That is, \(f \hat{\alpha}\) is an expression naming the function which takes a function \(\phi\) to a proposition which asserts \(f\) of the class of \(\phi\)s. (The modern notation shows that in the proposed definition of \(f \hat{\alpha}\) in PM notation, we shouldn’t expect \(\alpha\) in the definiens, since it is really a bound variable in \(f \hat{\alpha}\); similarly, we shouldn’t expect \(\phi\) in the definiendum because it is a bound variable in the definiens.) One might also expect definitions like ∗20·07 and ∗20·071 to hold for cases in which the Roman letter “\(z\)” is replaced by a Greek letter. The definitions in PM are thus not complete, but it is possible to guess at how they would be extended to cover all occurrences of Greek letters. This would complete the project of the “no-classes” theory of classes by showing how all talk of classes can be reduced to the theory of propositional functions.

10. Prolegomena to Cardinal Arithmetic

Although students of philosophy usually read no further than ∗20 in PM, this is in fact the point where the “construction” of mathematics really begins. ∗21 presents the “General Theory of Relations” (the theory of relations in extension; in contemporary logic these are treated as sets of ordered pairs, following Wiener). \(\hat{x} \hat{y} \psi(x, y)\) is the relation between \(x\) and \(y\) which obtains when \(\psi(x, y)\) is true. In modern notation we represent this as as the set of ordered pairs \(\{\langle x, y \rangle \mid \psi( x, y ) \}\), which is read: the set of ordered pairs \(\langle x, y \rangle\) which are such that \(x\) bears the relation \(\psi\) to \(y\).

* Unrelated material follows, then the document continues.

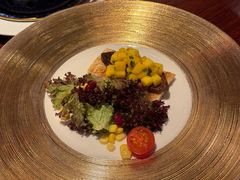 -马哥孛罗咖啡厅·Cafe Marco (厦门马哥孛罗东方大酒店)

The following contextual definition (∗21·01) allows one to eliminate the relation term \(\hat{x} \hat{y}\psi (x, y)\) from occurrences in the context \(f\):

\[ f \{ \hat{x} \hat{y} \psi ( x, y )\} \ldot {=} \colondot (\exists \phi) \colon \phi \bang ( x, y ) \ldot {\equiv_{x,y}} \ldot \psi( x, x ) \colon f \{ \phi\bang (\hat{u}, \hat{v} )\} \quad\Df \]

or in modern notation:

\[ f \{\langle x, y \rangle \mid \psi( x, y )\} =_{df} \exists \phi[\forall xy (\phi(x, y) \equiv \psi( x, y) ) \amp f ( \lambda u \lambda v \phi(u,v))] \]

where \(\phi\) is a predicative function of \(u\) and \(v\).

Principia does not analyze relations (or mathematical functions) in terms of sets of ordered pairs, but rather takes the notion of propositional function as primitive and defines relations and functions in terms of them. The upper case letters \({R}, {S}\) and \({T}\), etc., are used after ∗21 to stand for these “relations in extension”, and are distinguished from propositional functions by being written between the arguments. Thus it is \(\psi(x,y)\) with arguments after the propositional function symbol, but \(xRy\). From ∗21 functions “\(\phi\) and \(\psi\)”, etc., disappear and only relations in extension, \({R}\), \({S}\) and \({T}\), etc., appear in the pages of Principia . While propositional functions might be true of the same objects yet not be identical, no two relations in extension are true of the same objects. The logic of Principia is thus “extensional”, from page 200 in volume I, through to the end in Volume III.

∗22 on the “Calculus of Classes” presents the elementary set theory of intersections, unions and the empty set which is often all the set theory used in elementary mathematics of other sorts. The student looking for the set theory of Principia to compare it with, say the Zermelo-Fraenkel system, will have to look at various numbers later in the text. The Axiom of Choice is defined at ∗88 as the “Multiplicative Axiom” and a version of the Axiom of Infinity appears at ∗120 in Volume II as “Infin ax”. The set theory of Principia comes closest to Zermelo’s axioms of 1908 among the various familiar axiom systems, which means that it lacks the Axiom of Foundation and Axiom of Replacement of the now standard Zermelo-Fraenkel axioms of set theory. The system of Principia differs importantly from Zermelo’s in that it is formulated in the simple theory of types. As a result, for example, there are no quantifiers ranging over all sets, and there is a set of all things (for each type).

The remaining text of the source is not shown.